Jehan gerçekten çok dobra ve nazik bir hanımefendi. Konser sonrası uzun uzun konuştuk. Hem de neler...
Türkiye’de Hırıstiyan olmak, kadın olmak, İskenderunlu olmak, kent ozanlığının mümkün olup olmadığı, Türk siyaseti, Ortadoğu’da olup bitenler, şairliği ve hikayeciliği, Twitter, çıkmak üzere olan kitabı; Türk popüler müziği hakkında düşünceleri...
Böyleyken böyle işte; pek yakında röportajda görüşmek üzere...
ASMALI’NIN YENi OYUNCU MEKANI
Asmalımescit’te artık bir “Halk Evi” var. Daha çok oyuncular tercih ediyor.

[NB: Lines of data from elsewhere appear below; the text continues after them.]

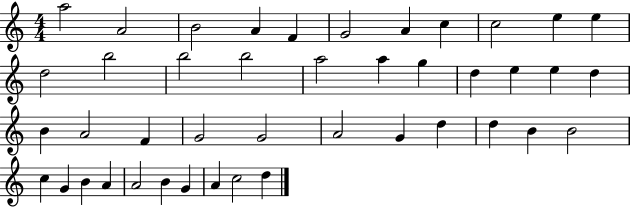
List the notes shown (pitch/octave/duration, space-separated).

A5/h A4/h B4/h A4/q F4/q G4/h A4/q C5/q C5/h E5/q E5/q D5/h B5/h B5/h B5/h A5/h A5/q G5/q D5/q E5/q E5/q D5/q B4/q A4/h F4/q G4/h G4/h A4/h G4/q D5/q D5/q B4/q B4/h C5/q G4/q B4/q A4/q A4/h B4/q G4/q A4/q C5/h D5/q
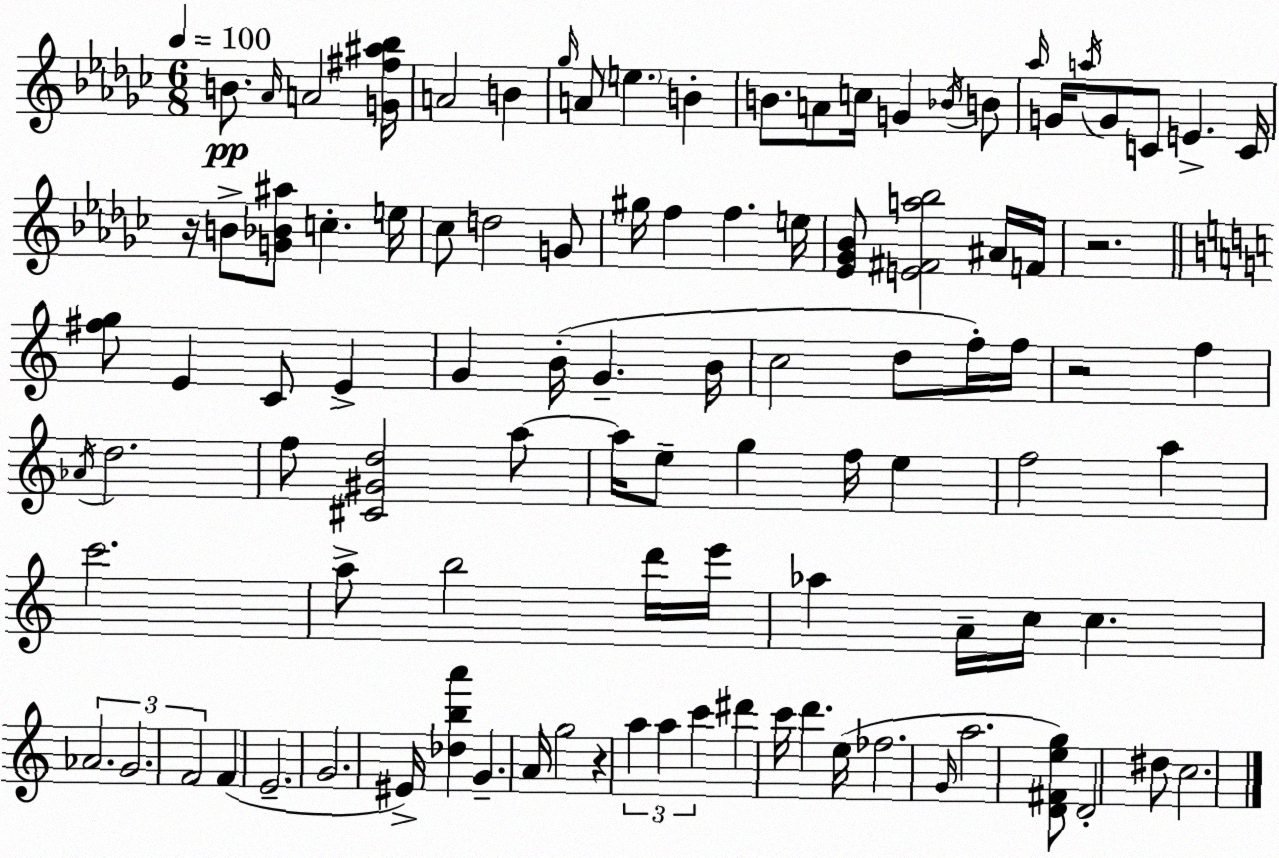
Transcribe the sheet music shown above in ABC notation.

X:1
T:Untitled
M:6/8
L:1/4
K:Ebm
B/2 _A/4 A2 [G^f^a_b]/4 A2 B _g/4 A/2 e B B/2 A/2 c/4 G _B/4 B/2 _a/4 G/4 a/4 G/2 C/2 E C/4 z/4 B/2 [G_B^a]/2 c e/4 _c/2 d2 G/2 ^g/4 f f e/4 [_E_G_B]/2 [E^Fa_b]2 ^A/4 F/4 z2 [^fg]/2 E C/2 E G B/4 G B/4 c2 d/2 f/4 f/4 z2 f _A/4 d2 f/2 [^C^Gd]2 a/2 a/4 e/2 g f/4 e f2 a c'2 a/2 b2 d'/4 e'/4 _a A/4 c/4 c _A2 G2 F2 F E2 G2 ^E/4 [_dba'] G A/4 g2 z a a c' ^d' c'/4 d' e/4 _f2 G/4 a2 [D^Feg]/2 D2 ^d/2 c2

İşin şakası bir yana, Asmalı Mescit’te henüz açılan “Public House”un bir oyuncu ve müdavim mekanına dönüşmesinin sebebi; işletmecisi Serhan Ernak...
Serhan; E.S.E.K ve İstanbul Kraliyet Tiyatrosu gibi gruplarda oynamasının yanı sıra “İki Aile”, “Bir İstanbul Masalı”, “Şehnaz Tango” gibi sevilen dizilerin oyuncusuydu.
Mekancılığının zirvesi ise Cihangir’de Avlu diye tabir ettiğimiz sokakta işlettiği Mayhoş’tur. Mayhoş da oyuncuların müdavimi olduğu bir mekandı ve hepimiz için çok özel gecelere ev sahibi oldu.
Şimdi o Avlu, komple Cihangir Otto olunca Serhan da Public House’u açtı.
Tabii müdavimler de yalnız bırakmıyor onu. Bu kadarını söylüyorum, gerisine siz karar verin.